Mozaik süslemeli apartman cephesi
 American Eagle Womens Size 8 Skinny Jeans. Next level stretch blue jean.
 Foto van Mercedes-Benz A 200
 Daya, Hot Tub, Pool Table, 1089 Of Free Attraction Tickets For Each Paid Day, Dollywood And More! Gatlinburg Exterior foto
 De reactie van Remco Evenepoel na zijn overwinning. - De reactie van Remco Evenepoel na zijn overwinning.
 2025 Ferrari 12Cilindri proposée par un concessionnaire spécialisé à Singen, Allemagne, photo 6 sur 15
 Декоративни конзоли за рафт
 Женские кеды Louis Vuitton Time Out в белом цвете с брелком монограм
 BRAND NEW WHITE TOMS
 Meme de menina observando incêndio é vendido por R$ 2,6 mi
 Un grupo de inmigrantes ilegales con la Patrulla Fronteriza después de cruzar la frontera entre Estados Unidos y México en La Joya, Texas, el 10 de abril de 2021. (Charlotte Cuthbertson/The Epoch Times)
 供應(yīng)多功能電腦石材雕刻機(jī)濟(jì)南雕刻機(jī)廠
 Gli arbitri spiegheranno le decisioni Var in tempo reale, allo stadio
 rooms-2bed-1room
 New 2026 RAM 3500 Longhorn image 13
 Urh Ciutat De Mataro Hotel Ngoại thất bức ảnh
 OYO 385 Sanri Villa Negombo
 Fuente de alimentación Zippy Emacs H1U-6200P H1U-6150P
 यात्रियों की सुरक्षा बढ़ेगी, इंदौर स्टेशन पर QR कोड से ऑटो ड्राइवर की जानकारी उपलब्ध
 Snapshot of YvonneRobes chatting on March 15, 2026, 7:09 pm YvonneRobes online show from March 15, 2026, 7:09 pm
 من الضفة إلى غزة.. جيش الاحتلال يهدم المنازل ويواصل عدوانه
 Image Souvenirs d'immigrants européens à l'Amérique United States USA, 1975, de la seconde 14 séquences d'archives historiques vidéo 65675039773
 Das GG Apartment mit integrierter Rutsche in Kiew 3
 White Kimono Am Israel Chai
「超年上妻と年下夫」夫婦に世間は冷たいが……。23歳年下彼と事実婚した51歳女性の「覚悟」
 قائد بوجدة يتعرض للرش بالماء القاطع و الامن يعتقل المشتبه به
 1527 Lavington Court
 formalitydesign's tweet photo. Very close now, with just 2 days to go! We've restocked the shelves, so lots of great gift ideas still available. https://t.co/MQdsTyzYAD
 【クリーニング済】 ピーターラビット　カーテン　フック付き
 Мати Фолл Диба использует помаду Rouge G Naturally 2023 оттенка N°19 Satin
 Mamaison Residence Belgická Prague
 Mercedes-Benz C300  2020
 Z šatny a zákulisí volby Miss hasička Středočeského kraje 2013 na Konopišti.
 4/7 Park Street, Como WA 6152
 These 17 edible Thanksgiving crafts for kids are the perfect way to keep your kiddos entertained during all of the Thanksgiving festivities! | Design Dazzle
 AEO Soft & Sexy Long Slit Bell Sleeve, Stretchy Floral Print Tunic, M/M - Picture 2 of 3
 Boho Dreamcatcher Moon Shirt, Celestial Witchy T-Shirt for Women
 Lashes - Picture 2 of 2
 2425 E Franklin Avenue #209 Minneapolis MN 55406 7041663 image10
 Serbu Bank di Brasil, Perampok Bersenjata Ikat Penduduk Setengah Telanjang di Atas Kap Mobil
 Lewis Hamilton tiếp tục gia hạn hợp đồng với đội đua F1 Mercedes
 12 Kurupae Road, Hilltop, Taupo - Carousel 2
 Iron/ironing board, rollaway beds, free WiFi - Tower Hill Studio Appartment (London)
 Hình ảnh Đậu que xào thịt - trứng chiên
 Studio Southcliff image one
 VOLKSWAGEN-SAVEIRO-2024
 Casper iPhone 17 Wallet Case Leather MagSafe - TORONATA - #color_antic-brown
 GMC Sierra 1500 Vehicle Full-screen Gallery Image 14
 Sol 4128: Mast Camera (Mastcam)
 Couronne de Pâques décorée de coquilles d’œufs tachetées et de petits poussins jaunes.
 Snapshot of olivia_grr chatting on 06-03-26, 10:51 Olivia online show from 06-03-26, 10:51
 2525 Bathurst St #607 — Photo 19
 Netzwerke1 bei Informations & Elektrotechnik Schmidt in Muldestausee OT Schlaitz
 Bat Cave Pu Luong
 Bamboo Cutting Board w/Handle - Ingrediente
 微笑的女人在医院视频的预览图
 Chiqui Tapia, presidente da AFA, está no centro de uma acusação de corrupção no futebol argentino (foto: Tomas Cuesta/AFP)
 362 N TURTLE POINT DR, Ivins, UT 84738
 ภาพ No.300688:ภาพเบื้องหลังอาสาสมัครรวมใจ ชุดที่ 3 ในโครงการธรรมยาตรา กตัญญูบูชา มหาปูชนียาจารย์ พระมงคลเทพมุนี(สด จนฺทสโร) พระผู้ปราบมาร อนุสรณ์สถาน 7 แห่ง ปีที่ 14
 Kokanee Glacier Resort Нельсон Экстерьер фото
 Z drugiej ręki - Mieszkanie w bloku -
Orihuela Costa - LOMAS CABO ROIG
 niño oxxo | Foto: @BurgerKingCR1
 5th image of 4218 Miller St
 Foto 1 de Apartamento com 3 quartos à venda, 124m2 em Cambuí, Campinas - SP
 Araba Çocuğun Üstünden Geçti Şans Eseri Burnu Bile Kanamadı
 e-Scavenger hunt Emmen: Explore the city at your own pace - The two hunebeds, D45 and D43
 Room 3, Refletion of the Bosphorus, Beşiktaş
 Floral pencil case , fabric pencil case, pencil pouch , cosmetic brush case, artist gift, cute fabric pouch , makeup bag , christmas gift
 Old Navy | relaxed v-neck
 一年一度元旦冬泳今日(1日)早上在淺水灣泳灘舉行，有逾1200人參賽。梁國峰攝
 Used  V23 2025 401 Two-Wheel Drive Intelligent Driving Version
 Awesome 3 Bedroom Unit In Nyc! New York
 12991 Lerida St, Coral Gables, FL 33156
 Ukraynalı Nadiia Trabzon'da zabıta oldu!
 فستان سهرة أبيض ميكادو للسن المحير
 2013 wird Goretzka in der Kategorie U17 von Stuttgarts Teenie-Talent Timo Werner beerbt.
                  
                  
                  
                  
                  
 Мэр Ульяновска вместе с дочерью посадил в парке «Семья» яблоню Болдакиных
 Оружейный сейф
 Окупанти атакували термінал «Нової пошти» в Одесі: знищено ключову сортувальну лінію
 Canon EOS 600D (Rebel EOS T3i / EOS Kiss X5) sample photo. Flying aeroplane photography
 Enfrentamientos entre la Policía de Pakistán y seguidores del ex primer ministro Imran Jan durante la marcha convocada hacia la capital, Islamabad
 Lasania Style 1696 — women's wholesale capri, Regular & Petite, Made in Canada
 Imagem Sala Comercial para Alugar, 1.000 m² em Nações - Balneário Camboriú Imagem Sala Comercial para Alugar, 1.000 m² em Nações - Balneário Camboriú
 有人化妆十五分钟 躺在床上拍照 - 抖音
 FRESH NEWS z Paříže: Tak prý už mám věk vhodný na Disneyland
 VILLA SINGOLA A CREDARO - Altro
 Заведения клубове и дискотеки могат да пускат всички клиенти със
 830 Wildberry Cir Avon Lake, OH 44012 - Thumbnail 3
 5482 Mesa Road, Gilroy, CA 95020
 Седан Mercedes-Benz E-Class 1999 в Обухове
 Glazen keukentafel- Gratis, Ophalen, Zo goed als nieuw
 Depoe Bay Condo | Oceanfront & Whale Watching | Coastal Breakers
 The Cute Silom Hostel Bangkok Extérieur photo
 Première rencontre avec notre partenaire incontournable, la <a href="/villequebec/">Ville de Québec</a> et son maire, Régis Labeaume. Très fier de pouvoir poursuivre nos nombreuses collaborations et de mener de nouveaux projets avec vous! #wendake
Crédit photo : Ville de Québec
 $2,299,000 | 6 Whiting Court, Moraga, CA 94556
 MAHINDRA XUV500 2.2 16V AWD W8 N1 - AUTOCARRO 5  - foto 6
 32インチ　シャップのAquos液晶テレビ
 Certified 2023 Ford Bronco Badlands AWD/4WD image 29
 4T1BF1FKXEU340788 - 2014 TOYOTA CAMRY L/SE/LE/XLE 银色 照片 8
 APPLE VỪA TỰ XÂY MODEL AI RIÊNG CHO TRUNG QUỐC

_The problem_
Go through the material and report each line that holds the string "Picture".

_Response_
 AEO Soft & Sexy Long Slit Bell Sleeve, Stretchy Floral Print Tunic, M/M - Picture 2 of 3
 Lashes - Picture 2 of 2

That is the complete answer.